Eyes dim on a patch of grey linoleum, it took a gentle tug of the larger hand Lana had clasped in hers for her brother to dawn back to reality.
“Hm? Oh... Yeah. Yeah, think so.”
Down by his side, a clear plastic rubbish bag dangled limp from a loose fist, contents occasionally rustling whenever he so much as cleared his throat.
“He does,” Lana interjected, face soaked in the kind of sunshine bright optimism you’d expect from a Labrador puppy anticipating its lunch bowl. “I checked and, like… folded everything, so.
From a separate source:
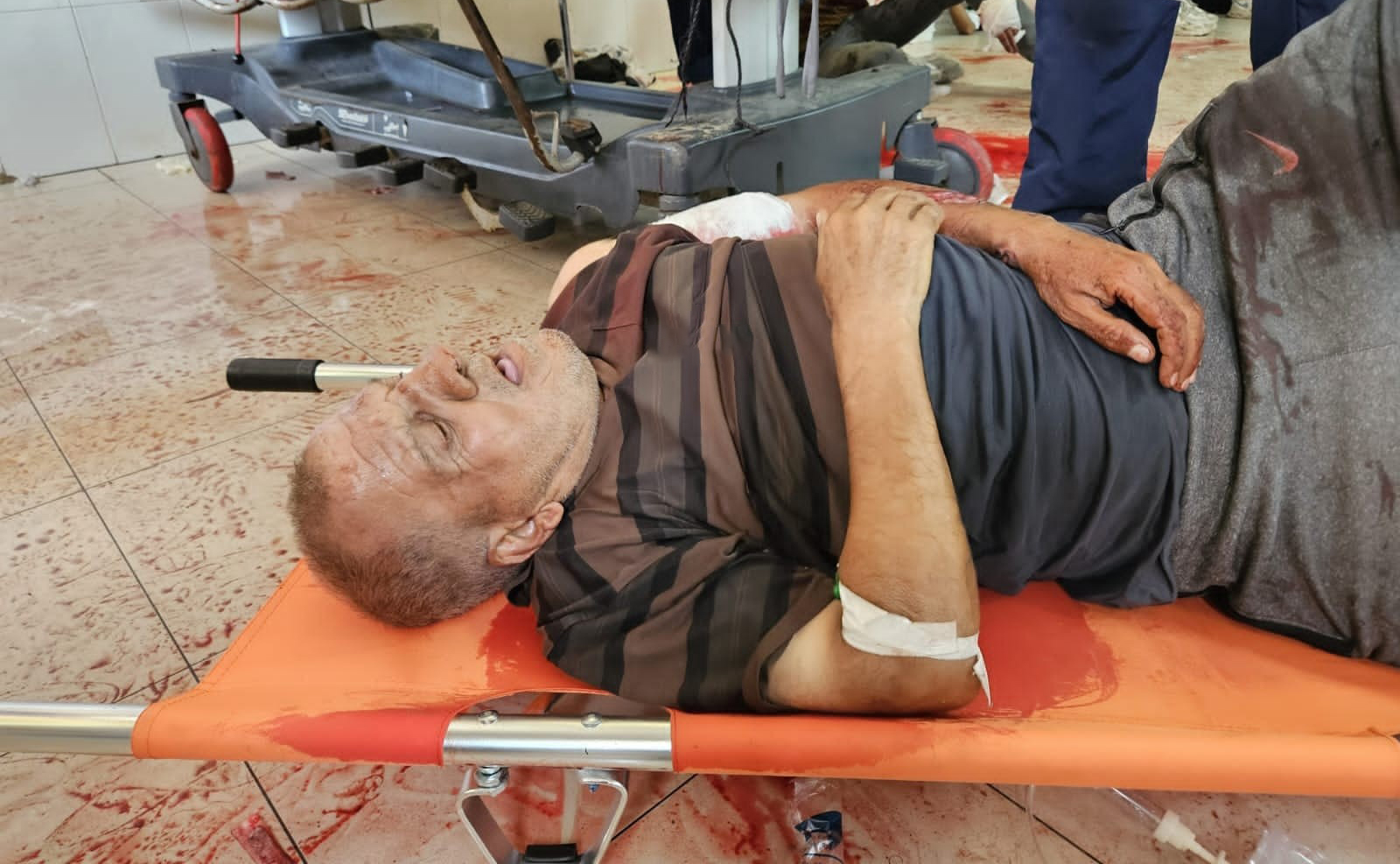 51 شهيداً و200 جريحاً بمجزرة جديدة بحق منتظري المساعدات في خانيونس بغزة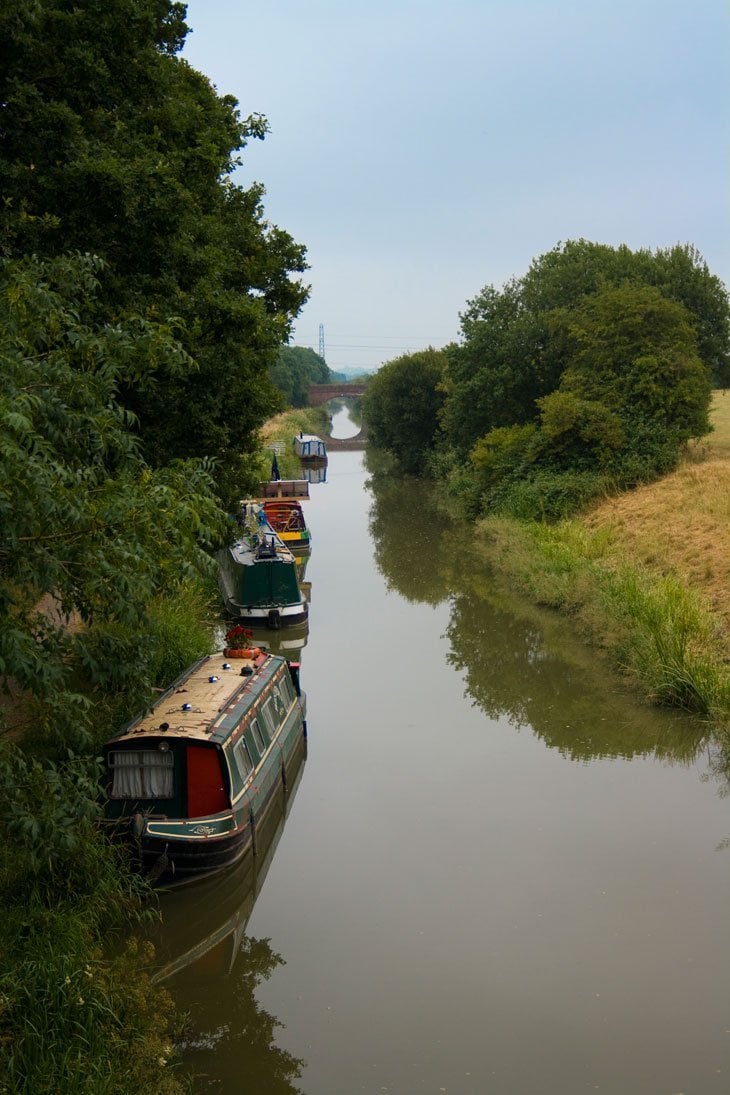 Wiltshire - Walking Along The Kennet and Avon Canal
Yeah! We’re good. He’s good.”
She wouldn’t have been able to hide the pride in that statement if she’d been trying to, eyes skimming his features with her dimples so pronounced, you could have stashed an entire football trophy cabinet in them. 
“Yeah,” he repeated, gaze flitting over after a pregnant pause to find the nurse’s, regurgitating her polite smile in the seamless way he’d learned he had to. “I’m good.”
He’d been in the hospital for a grand total of two hundred and eighty four days, six hours and twelve minutes.
It seemed like years since she’d seen him outdoors, at all -- he’d been offered trips outside of the facility, if he wanted to, but he’d always declined under the grounds that he wasn’t ready yet. 
It was strange, unlocking their front door after an Uber ride home in which she blabbered endlessly and he merely nodded and listened, occasionally resisting a smile when she got her tongue tied and mispronounced something because she was too excited to talk any slower than supersonic.
She felt kind of like a child that had smuggled a candy bar off the corner shop counter, fingers continuously sifting the crinkles of wrapper inside her pocket just to check that she’d actually had the guts, that she hadn’t just dreamt it. 
“Welcome back to the lurv shack, bay-bee,” Lana enunciated with a lame kick of one leg in halfhearted cancan, forgetting to finish the routine and turning back, instead, to make sure he’d made it through the door okay.
After such an extended period of bed rest -- due to many contributing factors, he’d had to have restraints that sporadically forced him to be mattress bound for days and nights at a time -- his joints were somewhat stiff. He’d joked in monotone on the front steps that he was the Wizard of Oz’s Tin Man in dire need of oiling, and while Lana had returned his small smile, she’d also made sure to squeeze his hand as a wordless encouragement.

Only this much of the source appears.